Des avis basés sur l'expertise des ambassades

Le ministère des Affaires étrangères publie depuis 1999 des "conseils aux voyageurs" informant des risques encourus dans chaque pays. Elles sont élaborées par le Centre de crise et de soutien pour fournir aux professionnels du tourisme ou aux visiteurs particuliers des informations vérifiées et actualisées en fonction des évènements ou des modifications de réglementation.

Du Guatemala aux îles Fidji, il existe près de 200 fiches détaillant les contextes sécuritaires et environnementaux de chaque Etat. "La proposition initiale part de l'ambassade, qui est celle qui connaît le mieux le terrain. De là procède une première ébauche, suivie d'un échange avec Paris", expliquait en 2017 Patrice Paoli, alors directeur du Centre de crise et de soutien du Quai d'Orsay, au magazine professionel L'Echo touristique.

Le ministère des Affaires étrangères classent les pays selon leur degré de risques.  (@Quai d'Orsay)
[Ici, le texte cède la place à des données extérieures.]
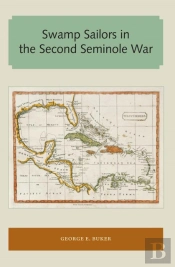 Swamp Sailors In The Second Seminole War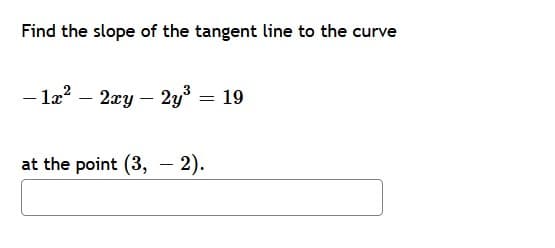 Find the slope of the tangent line to the curve
- la? – 2æy – 2y³ = 19
at the point (3, - 2).
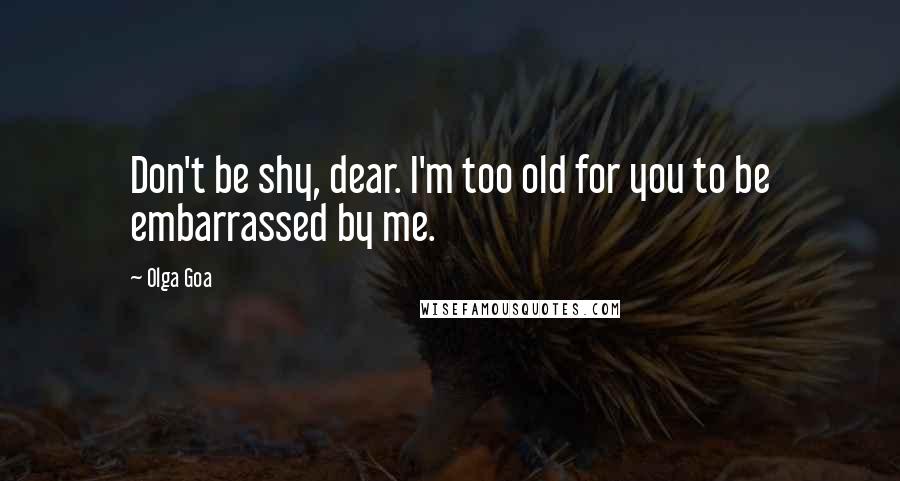 Olga Goa Quotes: Don't be shy, dear. I'm too old for you to be embarrassed by me.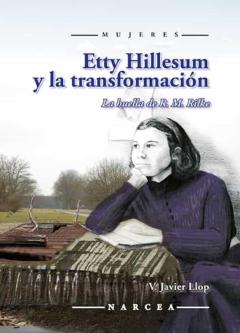 Libro, Audiolibro Etty Hillesum Y La Transformacion: La Huella De R. M. Rilke Etty Hillesum Y La Transformacion: La Huella De R. M. Rilke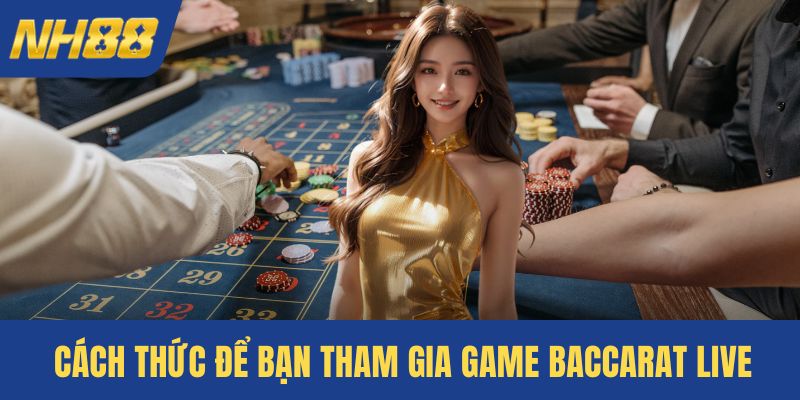Cách thức để bạn tham gia game Baccarat Live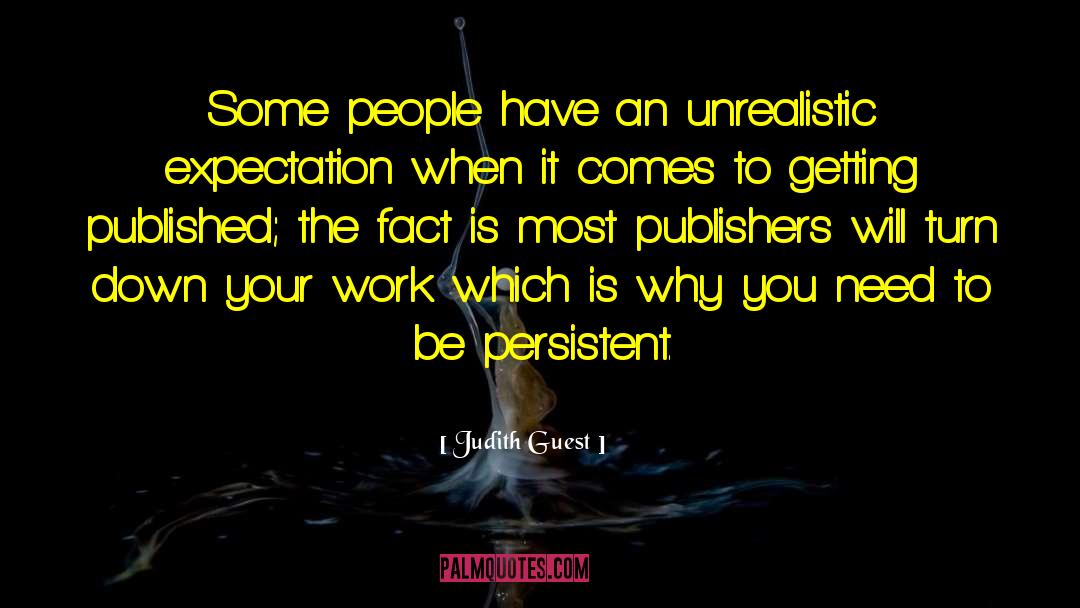 Judith Guest Quotes: Some people have an unrealistic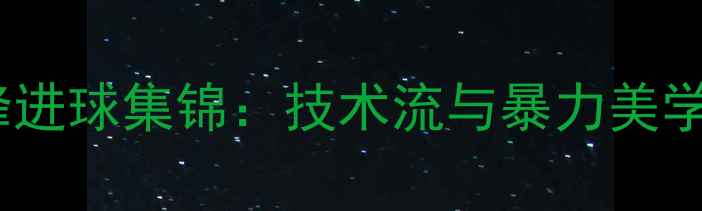 图片 赛季欧洲五大联赛前锋进球集锦：技术流与暴力美学并存的最强锋线对决2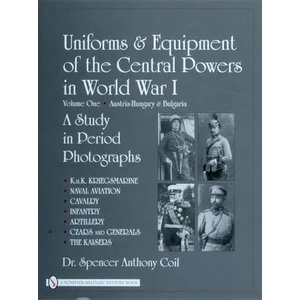 Uniforms and Equipment of the Central Powers in World War I: Vol One: Austria-Hungary and Bulgaria | Spencer Anthony Coil (ISBN: 9780764327810)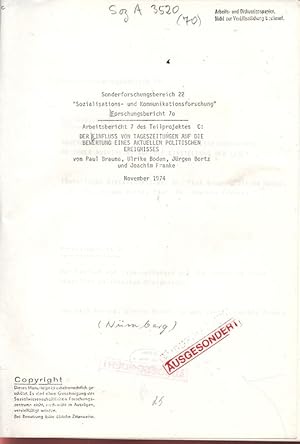 Bild des Verkufers fr DER EINFLUSS VON TAGESZEITUNGEN AUF DIE BEWERTUNG EINES AKTUELLEN POLITISCHEN EREIGNISSES. Sonderforschungsbereich 22, "Sozialisations- und Kommunikationsforschung". Forschungsbericht 70. Arbeitsbericht 7 des Tei1 Projektes C. zum Verkauf von Antiquariat Bookfarm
Le ministère des Affaires étrangères établit ensuite une carte, qui distingue les différents lieux en 4 couleurs : vert (vigilance normale), jaune (vigilance renforcée), orange (déconseillée sauf raison impérative) et rouge (formellement déconseillée).

Des niveaux de vigilance baissés localement

L'attaque meurtrière s'est déroulée dans la réserve de girafes de Kouré, une localité classée en jaune par le Quai d'Orsay, tout comme Niamey, la capitale du Niger. Ces deux villes font donc l'objet d'une "vigilance renforcée", selon le ministère des Affaires étrangères, même si la région alentour est en orange, car elle se situe au cœur de la "zone des trois frontières". C'est là que se rencontrent le Mali, le Burkina Faso et le Niger. La menace terroriste y est extrêmement importante et les tensions omniprésentes dans un contexte d'intervention militaire de l'opération Barkhane.
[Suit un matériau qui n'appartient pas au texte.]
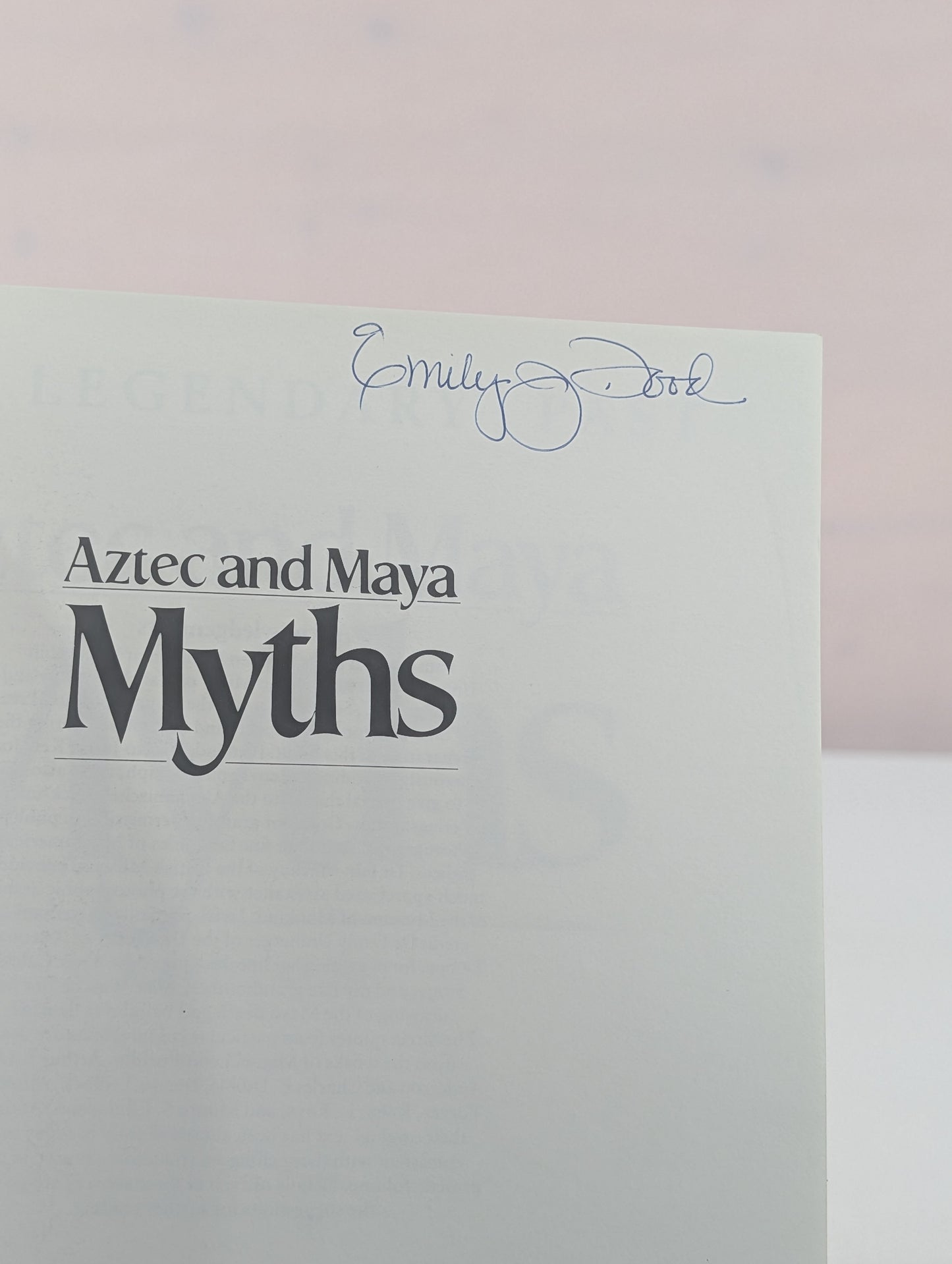 Aztec and Maya Myths (Legendary Past) by Karl A. Taube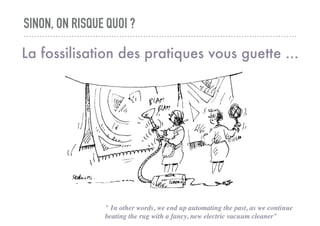 SINON, ON RISQUE QUOI ?
La fossilisation des pratiques vous guette ...
" In other words, we end up automating the past, as we continue
beating the rug with a fancy, new electric vacuum cleaner"
 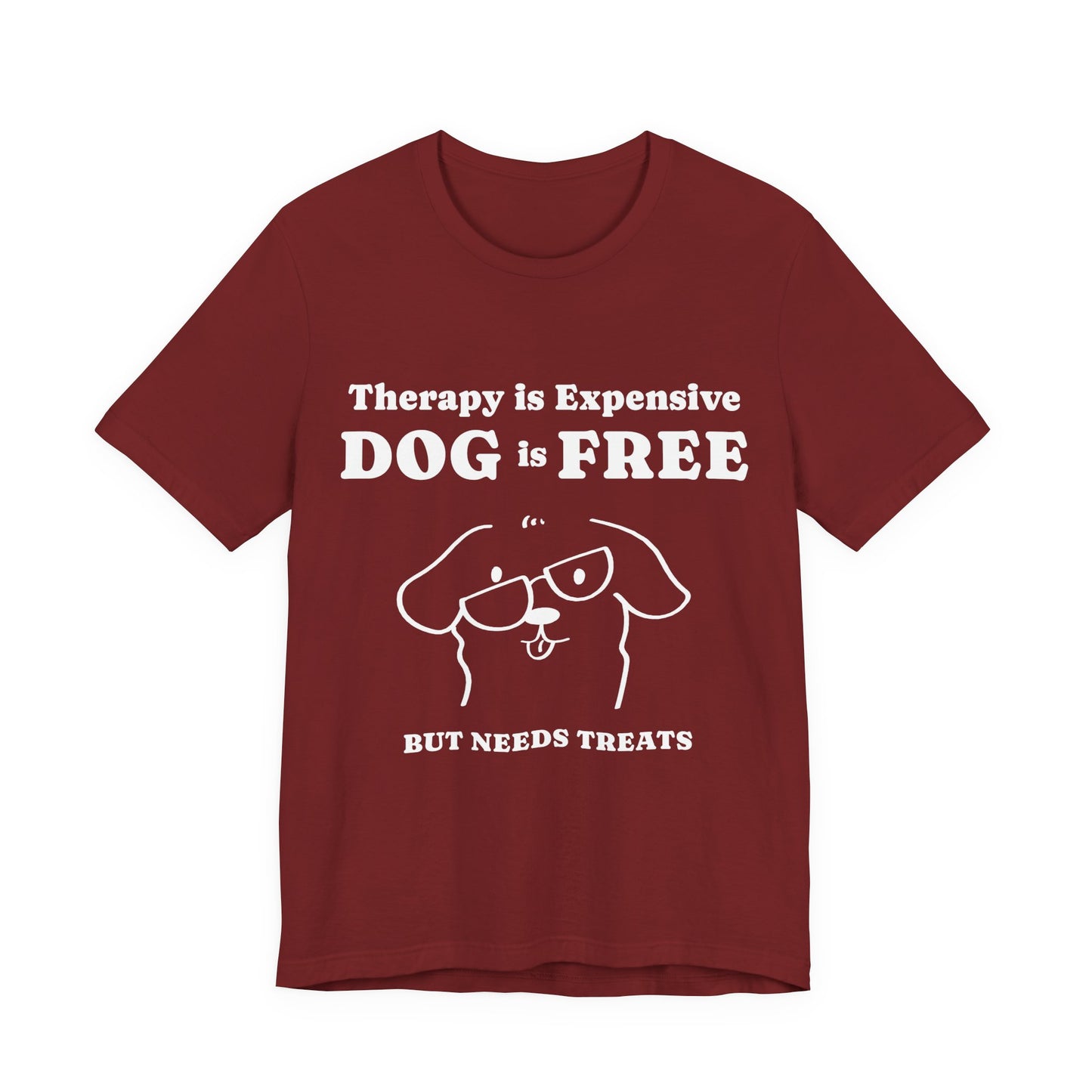 Cheaper Than Therapy But Needs Treats T-Shirt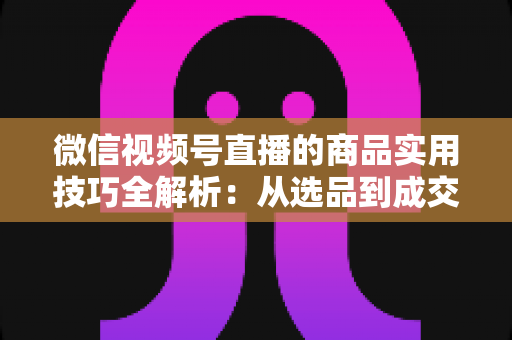 微信视频号直播的商品实用技巧全解析:从选品到成交的完整实战指南 微信视频号直播的商品实用技巧全解析:从选品到成交的完整实战指南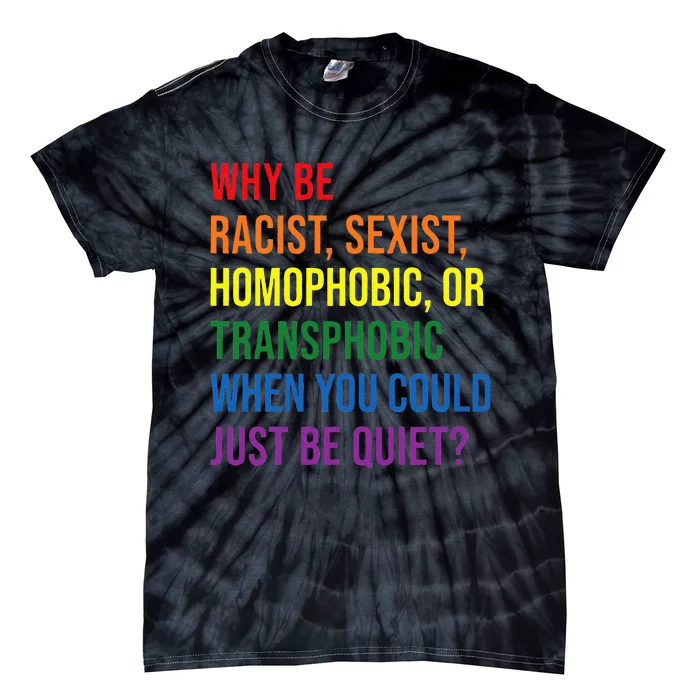 Why Be Racist Sexist Homophobic Transphobic Juneteenth LGBTQ Tie-Dye T-Shirt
La carte du Niger disponible sur le site du Quai d'Orsay le 9 août. (Quai d'Orsay)

"S'il n'y a pas eu d'actions terroristes depuis un certain moment, que les autorités sont fiables et ont mis en place un certains nombre de dispositifs pour prévenir les attaques terroristes, comme l'encadrement de convoi ou une présence militaire accrue, le niveau de surveillance est parfois abaissé", explique Anne Giudicelli, fondatrice du cabinet de conseil Terrorisc à franceinfo. Ces décisions interviennent à la suite d'une négociation diplomatique. "Quand un pays est intégralement rouge, sa situation économique en est fortement 'impactée'. Il y a donc un dialogue diplomatique entre les autorités", note la consultante. 

Des avertissements peu lisibles

La classification des zones à risque avait également fait débat en mai 2019, lorsque deux touristes français avaient été kidnappés dans le parc du Pendjari, au Bénin. Leur libération avait coûté la vie à deux soldats français lors d'une opération militaire de sauvetage. Au départ, le lieu était classé en jaune par le ministère. La frontière avec le Burkina avait viré au rouge et orange en décembre avant le drame, et l'ensemble du parc, le 10 mai, soit après l'enlèvement des touristes. Face à la polémique, le ministre des Affaires étrangères, Jean-Yves le Drian, avait alors souhaité "durcir" la classification. "Quelle que soit la couleur, il s'agit de zones formellement déconseillées pour les motifs touristiques", avait-il expliqué.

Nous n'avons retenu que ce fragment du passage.